_Exercise:_ From the line that contains "this 1062×795 image." down to the final line below, please repeat each line exactly and nothing more, with no pictures.
Study material section start
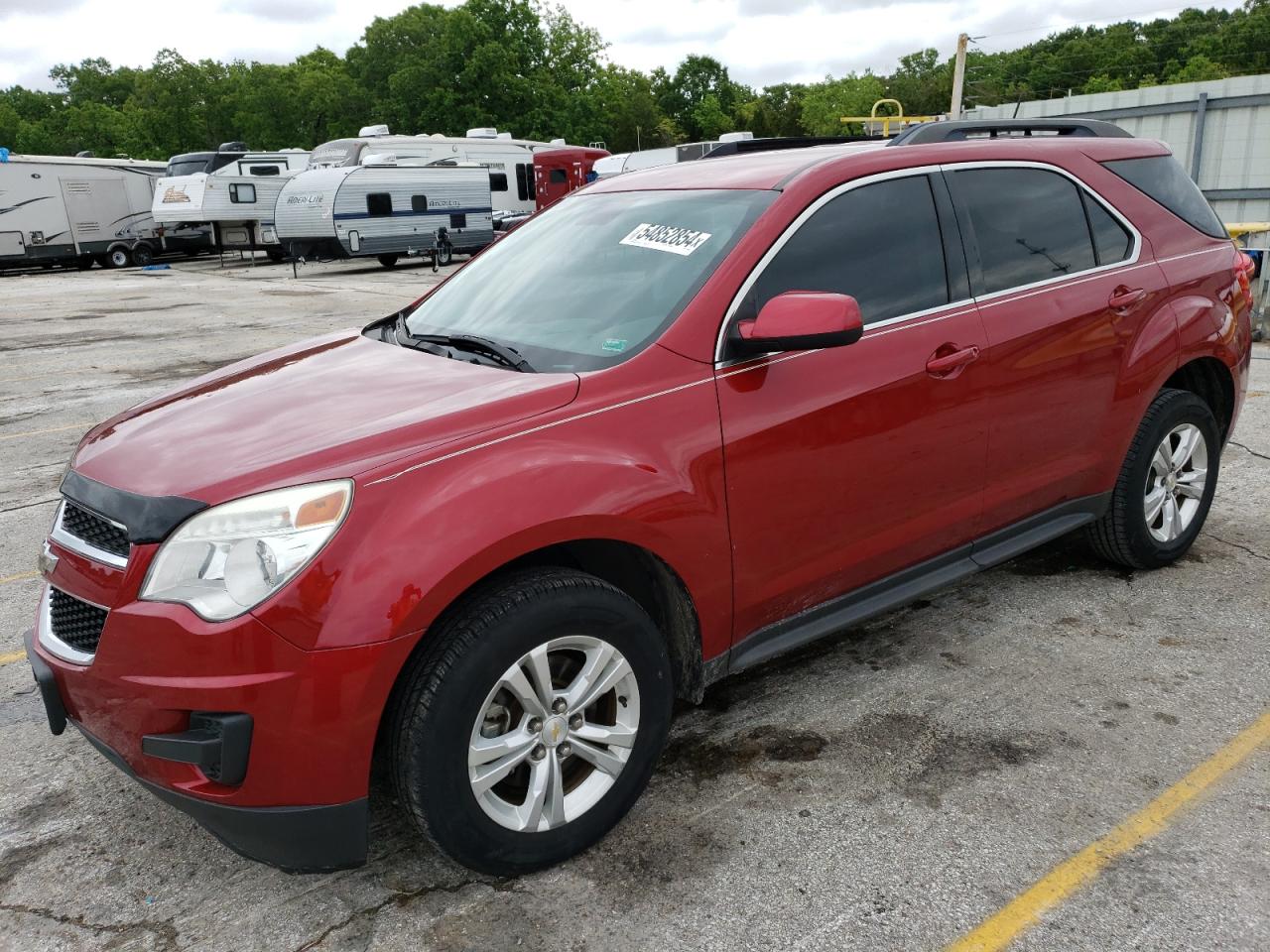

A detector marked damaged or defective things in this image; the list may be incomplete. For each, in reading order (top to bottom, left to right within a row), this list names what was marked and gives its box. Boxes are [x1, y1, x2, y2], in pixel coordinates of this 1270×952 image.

pavement crack [1229, 441, 1270, 464]
pavement crack [1199, 533, 1270, 563]
pavement crack [0, 903, 180, 949]
pavement crack [293, 878, 520, 952]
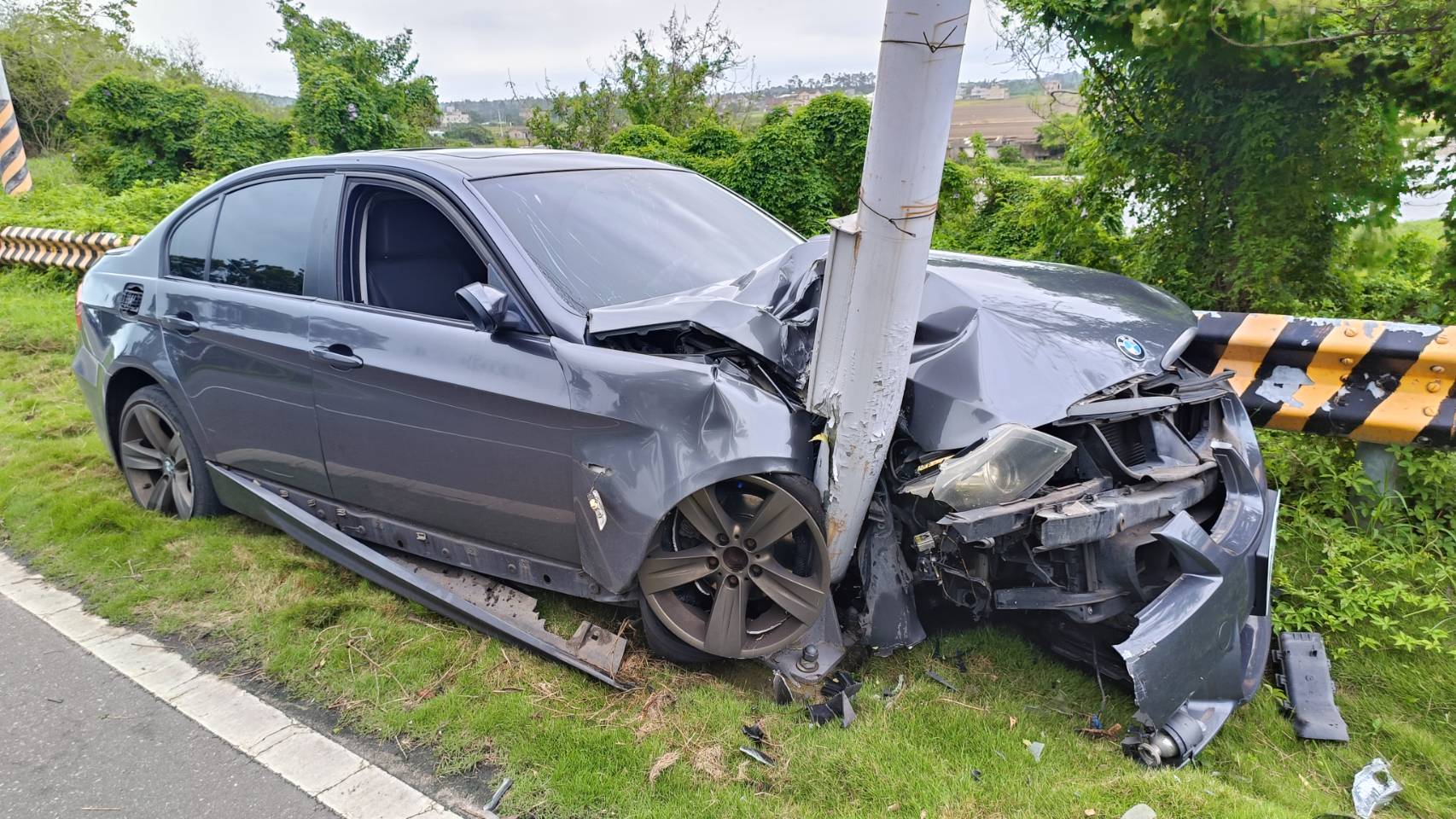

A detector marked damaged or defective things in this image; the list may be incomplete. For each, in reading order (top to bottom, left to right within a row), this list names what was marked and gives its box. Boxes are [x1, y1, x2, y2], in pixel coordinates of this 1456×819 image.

bent guardrail [0, 225, 141, 270]
crashed bmw sedan [71, 147, 1270, 768]
crumpled hood [584, 237, 1202, 450]
shattered headlight [894, 425, 1065, 508]
bent guardrail [1188, 312, 1447, 447]
detached bumper [1113, 440, 1270, 768]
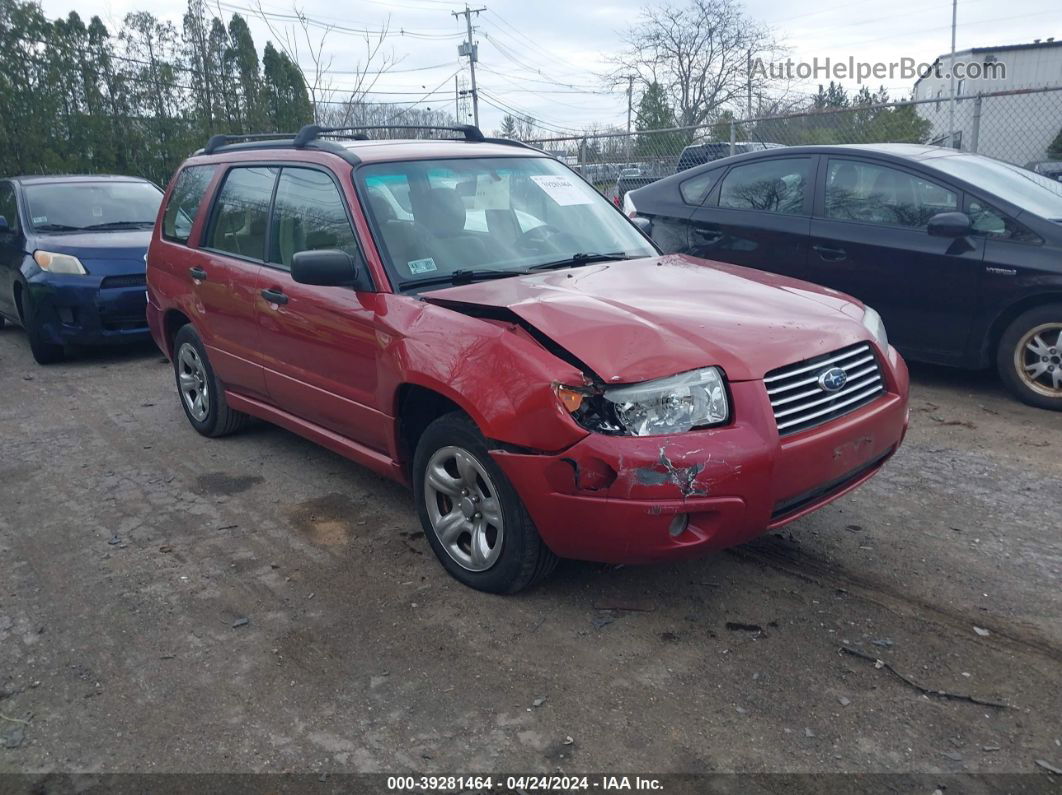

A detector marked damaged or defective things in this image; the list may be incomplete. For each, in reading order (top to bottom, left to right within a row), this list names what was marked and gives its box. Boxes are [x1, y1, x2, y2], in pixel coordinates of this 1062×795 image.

cracked headlight [33, 251, 88, 275]
crumpled hood [420, 252, 870, 379]
cracked headlight [862, 303, 887, 348]
cracked headlight [560, 365, 726, 435]
exposed bumper damage [492, 350, 909, 560]
damaged front bumper [492, 354, 909, 564]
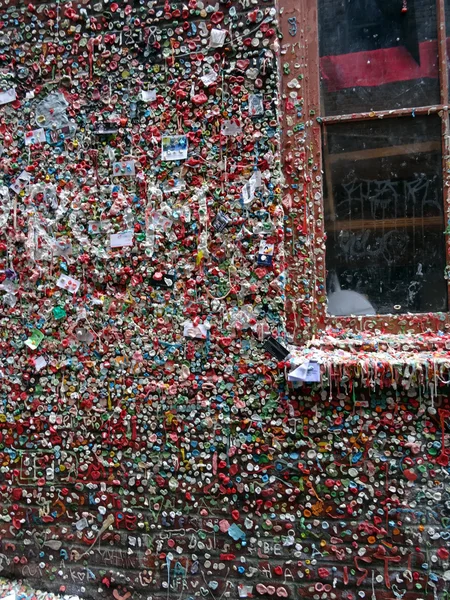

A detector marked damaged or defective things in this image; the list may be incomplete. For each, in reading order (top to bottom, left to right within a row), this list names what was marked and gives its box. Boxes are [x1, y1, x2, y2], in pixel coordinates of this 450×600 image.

rusty metal frame [284, 0, 450, 342]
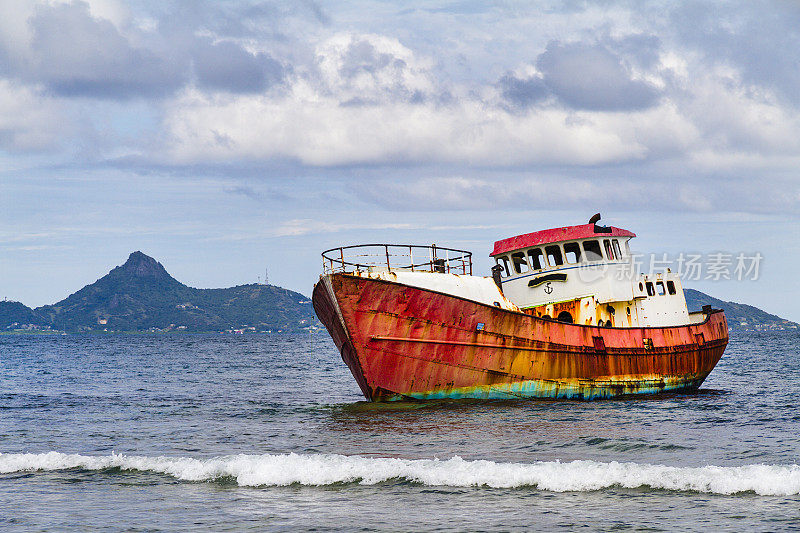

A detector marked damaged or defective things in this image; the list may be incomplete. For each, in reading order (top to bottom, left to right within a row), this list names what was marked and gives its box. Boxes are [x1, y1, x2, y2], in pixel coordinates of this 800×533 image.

rusty ship hull [314, 272, 732, 402]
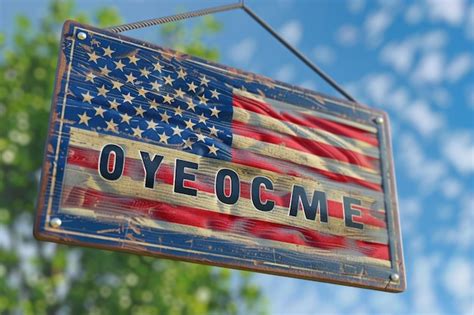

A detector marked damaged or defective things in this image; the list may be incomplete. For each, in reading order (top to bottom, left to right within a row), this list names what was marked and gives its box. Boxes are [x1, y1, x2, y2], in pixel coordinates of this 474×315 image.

rusty metal sign [34, 21, 404, 294]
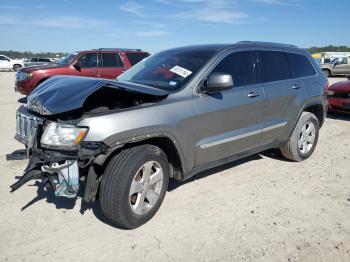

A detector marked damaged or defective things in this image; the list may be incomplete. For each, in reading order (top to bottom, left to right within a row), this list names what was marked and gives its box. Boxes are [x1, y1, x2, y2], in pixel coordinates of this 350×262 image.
Study material section end
_Response for this exercise:_
A detector marked damaged or defective things in this image; the list may be incomplete. For each, in reading order (top to bottom, left to right within a row), this list names what was marked and gives its box. Boxes are [x1, y1, x2, y2], in pixel coordinates of this 1062×795 image.

cracked headlight [33, 251, 88, 275]
crumpled hood [420, 252, 870, 379]
cracked headlight [862, 303, 887, 348]
cracked headlight [560, 365, 726, 435]
exposed bumper damage [492, 350, 909, 560]
damaged front bumper [492, 354, 909, 564]

A detector marked damaged or defective things in this image; the list may be incomplete. For each, in reading order (top to bottom, left to right within a row), this list names what was marked and gives its box. Boxes are [x1, y1, x2, y2], in pixel coordinates of this 450×600 image.

rusty metal frame [284, 0, 450, 342]

A detector marked damaged or defective things in this image; the list may be incomplete. For each, in reading order (top to bottom, left to right within a row), this list names what was marked and gives its box. Boxes are [x1, y1, x2, y2], in pixel coordinates of this 800×533 image.

rusty ship hull [314, 272, 732, 402]

A detector marked damaged or defective things in this image; the list may be incomplete. For each, in reading order (top to bottom, left to right within a row), this list names what was marked and gives its box. Boxes are [x1, y1, x2, y2], in pixel coordinates of this 474×315 image.

rusty metal sign [34, 21, 404, 294]

A detector marked damaged or defective things in this image; the list may be incomplete. For each, in reading order (top to bottom, left to right within a row), this list names what was marked and gives its box. Boxes are [x1, y1, x2, y2], in pixel coordinates of this 350×262 image.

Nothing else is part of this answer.